1

I am trying to create a list with all the newspapers articles from 5 different sources. They are stored in JSON format. All articles are stored in different files that contain that contain the newspaper and the year (time spam 2005-2015). The problem is that one of the newspapers is available for only 2014-15, therefore when I loop everything together I get error. This is my attempt:

import json
import nltk
import re
import pandas

appended_data = []

for i in range(2005,2016):
    df0 = pandas.DataFrame([json.loads(l) for l in open('SDM_%d.json' % i)])
    df1 = pandas.DataFrame([json.loads(l) for l in open('Scot_%d.json' % i)])
    df2 = pandas.DataFrame([json.loads(l) for l in open('APJ_%d.json' % i)])
    df3 = pandas.DataFrame([json.loads(l) for l in open('TH500_%d.json' % i)])
    df4 = pandas.DataFrame([json.loads(l) for l in open('DRSM_%d.json' % i)])
    appended_data.append(df0)
    appended_data.append(df1)
    appended_data.append(df2)
    appended_data.append(df3)
    appended_data.append(df4)


appended_data = pandas.concat(appended_data)

doc_set = appended_data.body

My question is; does this code does what I am aiming? (creating a single list with the body of all articles from each newspaper along time); and, how can I program it in a way that I skip the years 2005-2013 for the first newspaper (SDM)

Stefan
  • 41,759
  • 13
  • 76
  • 81
Economist_Ayahuasca
  • 1,648
  • 24
  • 33
  • 1
    It's difficult to answer your first question without any data, but for your second question, you can test if the file exists with [os.path.exists](https://docs.python.org/3/library/os.path.html). – IanS May 25 '16 at 14:31
  • Note you should check that the read works and the other files exist just in case. – sabbahillel May 25 '16 at 14:39
  • 1
    You should close your files to avoid too many open at once. Even if this works, it is better to start with good habits for future programs. – sabbahillel May 25 '16 at 14:43

2 Answers2

1

For the skipping part, you can:

for i in range(2005,2016):
    if i > 2013:
        df0 = pandas.DataFrame([json.loads(l) for l in open('SDM_%d.json' % i)])
        appended_data.append(df0)
    df1 = pandas.DataFrame([json.loads(l) for l in open('Scot_%d.json' % i)])

To know whether the code performs as expected we'd need so sample data.

Stefan
  • 41,759
  • 13
  • 76
  • 81
  • You're welcome. The `os.path.exists()` suggestion in the comments is also one to keep in mind for the general case where you don't know beforehand which files may or may not exist. – Stefan May 25 '16 at 14:36
1

First of all you need to check the version of python to determine what type of error is thrown when the file name is not found as explained in Python's "open()" throws different errors for "file not found" - how to handle both exceptions?

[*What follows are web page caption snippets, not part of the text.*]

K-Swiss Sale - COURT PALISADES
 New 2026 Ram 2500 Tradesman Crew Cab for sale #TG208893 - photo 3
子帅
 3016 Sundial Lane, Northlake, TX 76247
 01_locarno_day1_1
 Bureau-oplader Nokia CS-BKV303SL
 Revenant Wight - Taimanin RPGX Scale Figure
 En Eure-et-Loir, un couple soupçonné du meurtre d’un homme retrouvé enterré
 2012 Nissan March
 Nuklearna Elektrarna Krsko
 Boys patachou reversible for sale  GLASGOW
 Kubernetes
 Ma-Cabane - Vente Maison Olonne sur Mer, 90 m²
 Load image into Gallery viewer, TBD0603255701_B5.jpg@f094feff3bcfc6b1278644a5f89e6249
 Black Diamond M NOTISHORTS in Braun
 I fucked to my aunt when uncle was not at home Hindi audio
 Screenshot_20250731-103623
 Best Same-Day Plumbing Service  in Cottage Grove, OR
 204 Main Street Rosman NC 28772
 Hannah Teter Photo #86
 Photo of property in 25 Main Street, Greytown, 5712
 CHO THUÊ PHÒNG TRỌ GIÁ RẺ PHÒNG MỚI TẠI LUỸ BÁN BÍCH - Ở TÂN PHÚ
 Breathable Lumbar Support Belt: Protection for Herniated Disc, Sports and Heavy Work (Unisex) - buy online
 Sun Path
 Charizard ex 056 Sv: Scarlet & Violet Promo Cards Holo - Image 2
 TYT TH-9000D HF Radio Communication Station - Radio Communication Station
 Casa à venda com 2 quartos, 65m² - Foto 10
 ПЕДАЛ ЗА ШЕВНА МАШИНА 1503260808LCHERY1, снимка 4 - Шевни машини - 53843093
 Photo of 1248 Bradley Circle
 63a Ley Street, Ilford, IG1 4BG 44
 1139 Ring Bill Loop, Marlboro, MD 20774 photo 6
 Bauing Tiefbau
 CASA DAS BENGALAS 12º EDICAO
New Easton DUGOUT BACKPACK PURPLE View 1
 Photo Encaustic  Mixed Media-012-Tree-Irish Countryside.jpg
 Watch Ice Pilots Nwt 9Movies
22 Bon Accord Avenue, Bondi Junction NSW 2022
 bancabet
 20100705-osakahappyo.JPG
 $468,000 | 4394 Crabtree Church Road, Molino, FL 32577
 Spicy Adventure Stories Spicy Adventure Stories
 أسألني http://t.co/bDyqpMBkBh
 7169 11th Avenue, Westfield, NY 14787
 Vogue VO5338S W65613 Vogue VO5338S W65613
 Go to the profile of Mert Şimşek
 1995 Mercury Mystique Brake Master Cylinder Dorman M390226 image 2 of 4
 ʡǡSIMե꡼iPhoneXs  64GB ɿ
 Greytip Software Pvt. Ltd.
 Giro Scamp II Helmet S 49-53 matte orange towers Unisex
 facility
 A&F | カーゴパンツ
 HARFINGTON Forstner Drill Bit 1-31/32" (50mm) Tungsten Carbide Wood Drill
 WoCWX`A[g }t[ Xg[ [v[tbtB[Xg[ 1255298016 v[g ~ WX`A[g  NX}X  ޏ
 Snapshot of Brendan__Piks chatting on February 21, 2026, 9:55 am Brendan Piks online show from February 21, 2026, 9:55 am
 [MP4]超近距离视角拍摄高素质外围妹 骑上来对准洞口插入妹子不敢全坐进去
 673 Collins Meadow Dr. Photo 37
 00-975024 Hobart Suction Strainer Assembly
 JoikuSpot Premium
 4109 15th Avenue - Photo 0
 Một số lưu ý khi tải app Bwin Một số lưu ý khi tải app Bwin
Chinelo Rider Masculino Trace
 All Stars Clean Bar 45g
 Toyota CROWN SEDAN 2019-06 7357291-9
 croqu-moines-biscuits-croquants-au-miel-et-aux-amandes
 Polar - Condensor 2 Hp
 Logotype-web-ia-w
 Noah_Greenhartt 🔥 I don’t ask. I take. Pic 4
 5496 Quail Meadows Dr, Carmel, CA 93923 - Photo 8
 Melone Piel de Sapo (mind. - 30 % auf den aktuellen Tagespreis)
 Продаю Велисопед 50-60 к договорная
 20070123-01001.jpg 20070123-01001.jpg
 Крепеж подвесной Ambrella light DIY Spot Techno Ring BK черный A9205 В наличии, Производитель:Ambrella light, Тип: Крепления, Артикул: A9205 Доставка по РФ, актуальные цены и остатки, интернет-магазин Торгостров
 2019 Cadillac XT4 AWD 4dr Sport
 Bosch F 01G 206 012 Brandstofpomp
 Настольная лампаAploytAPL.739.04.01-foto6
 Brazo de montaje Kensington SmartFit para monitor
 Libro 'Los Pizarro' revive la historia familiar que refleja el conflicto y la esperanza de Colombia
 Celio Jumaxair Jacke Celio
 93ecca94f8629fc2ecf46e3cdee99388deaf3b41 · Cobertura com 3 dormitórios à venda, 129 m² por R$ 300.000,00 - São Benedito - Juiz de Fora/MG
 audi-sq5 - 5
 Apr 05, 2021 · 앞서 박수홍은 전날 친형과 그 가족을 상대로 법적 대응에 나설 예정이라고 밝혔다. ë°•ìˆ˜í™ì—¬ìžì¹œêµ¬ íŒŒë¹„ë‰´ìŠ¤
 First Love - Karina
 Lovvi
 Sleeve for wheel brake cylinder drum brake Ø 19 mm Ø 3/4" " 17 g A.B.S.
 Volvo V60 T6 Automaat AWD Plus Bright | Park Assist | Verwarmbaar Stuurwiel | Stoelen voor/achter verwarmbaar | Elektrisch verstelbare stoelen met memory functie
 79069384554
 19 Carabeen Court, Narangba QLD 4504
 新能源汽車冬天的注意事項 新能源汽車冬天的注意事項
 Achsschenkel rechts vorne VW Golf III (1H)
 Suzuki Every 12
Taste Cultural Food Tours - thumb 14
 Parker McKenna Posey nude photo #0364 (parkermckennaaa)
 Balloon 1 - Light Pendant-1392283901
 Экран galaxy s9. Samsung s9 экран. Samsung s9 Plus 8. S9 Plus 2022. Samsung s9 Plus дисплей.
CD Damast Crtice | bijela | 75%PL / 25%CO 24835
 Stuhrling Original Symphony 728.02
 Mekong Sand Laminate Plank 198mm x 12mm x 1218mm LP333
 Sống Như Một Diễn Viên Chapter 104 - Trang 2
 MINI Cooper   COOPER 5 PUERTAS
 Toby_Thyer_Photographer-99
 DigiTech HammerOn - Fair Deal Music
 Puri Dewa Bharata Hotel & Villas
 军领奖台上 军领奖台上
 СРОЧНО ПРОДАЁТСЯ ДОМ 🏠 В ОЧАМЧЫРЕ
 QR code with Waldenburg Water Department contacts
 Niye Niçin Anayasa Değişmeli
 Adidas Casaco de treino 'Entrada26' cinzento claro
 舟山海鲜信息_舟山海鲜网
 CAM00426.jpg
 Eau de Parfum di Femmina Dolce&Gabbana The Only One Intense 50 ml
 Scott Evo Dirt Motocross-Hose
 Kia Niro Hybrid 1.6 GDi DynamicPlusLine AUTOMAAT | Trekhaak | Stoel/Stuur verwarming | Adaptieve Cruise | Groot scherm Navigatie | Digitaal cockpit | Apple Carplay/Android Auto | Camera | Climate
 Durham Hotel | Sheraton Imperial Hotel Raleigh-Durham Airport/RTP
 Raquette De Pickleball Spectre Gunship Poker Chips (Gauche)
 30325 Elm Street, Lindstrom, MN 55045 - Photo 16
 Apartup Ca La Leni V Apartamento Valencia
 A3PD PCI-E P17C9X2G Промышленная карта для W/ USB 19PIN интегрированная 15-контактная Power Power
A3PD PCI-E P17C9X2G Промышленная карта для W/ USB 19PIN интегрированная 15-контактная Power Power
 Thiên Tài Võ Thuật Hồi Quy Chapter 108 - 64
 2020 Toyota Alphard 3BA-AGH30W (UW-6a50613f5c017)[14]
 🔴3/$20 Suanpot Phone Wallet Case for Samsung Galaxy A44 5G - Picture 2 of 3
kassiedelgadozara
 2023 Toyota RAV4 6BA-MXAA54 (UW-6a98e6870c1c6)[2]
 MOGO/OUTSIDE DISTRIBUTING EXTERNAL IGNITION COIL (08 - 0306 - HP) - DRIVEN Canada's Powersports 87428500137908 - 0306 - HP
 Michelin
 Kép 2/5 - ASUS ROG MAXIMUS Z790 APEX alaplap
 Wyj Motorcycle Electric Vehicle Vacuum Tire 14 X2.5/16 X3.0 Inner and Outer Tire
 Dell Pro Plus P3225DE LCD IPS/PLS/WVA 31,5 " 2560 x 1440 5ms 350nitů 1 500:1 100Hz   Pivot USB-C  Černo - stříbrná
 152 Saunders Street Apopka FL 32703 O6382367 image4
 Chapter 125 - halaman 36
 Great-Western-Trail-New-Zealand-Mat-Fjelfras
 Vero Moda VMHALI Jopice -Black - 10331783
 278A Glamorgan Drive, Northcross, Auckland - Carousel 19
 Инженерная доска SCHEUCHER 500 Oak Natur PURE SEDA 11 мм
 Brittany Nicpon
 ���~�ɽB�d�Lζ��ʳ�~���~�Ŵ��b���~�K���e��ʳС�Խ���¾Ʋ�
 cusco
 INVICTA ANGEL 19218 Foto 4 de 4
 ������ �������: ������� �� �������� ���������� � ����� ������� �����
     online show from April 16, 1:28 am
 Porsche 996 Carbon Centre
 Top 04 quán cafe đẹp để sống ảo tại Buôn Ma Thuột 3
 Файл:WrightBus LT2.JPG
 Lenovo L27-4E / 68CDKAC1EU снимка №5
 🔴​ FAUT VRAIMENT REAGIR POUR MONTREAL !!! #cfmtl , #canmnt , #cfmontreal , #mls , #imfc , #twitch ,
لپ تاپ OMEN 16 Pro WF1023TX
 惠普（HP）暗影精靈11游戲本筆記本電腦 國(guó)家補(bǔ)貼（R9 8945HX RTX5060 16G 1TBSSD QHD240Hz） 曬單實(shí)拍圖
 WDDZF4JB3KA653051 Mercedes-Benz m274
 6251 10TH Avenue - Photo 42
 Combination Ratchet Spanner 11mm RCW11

Secondly, just in case there is a problem with some of the files you should check all of the possibilities.

One way would be

  1. Create a list of file name prefixes ['SDM', 'Scot', 'AP', 'TH500', 'DRSM')

  2. loop over the years

  3. create the file names as a loop in the list of names

  4. open the file in a try: except pair in order to handle any problems as myfile Alternatively, you can also use os.path.exists() in an if to avoid the try except. However, you should have a try except pair anyways just in case something else goes wrong.

  5. read the data into df = pandas.DataFrame([json.loads(myfile)) Note you should also encapsulate this as a try ... except pair

  6. close the file so that you do not have too many open.

  7. Now append df to the list you are creating.

This should handle the situation.

Community
  • 1
  • 1
sabbahillel
  • 4,357
  • 1
  • 19
  • 36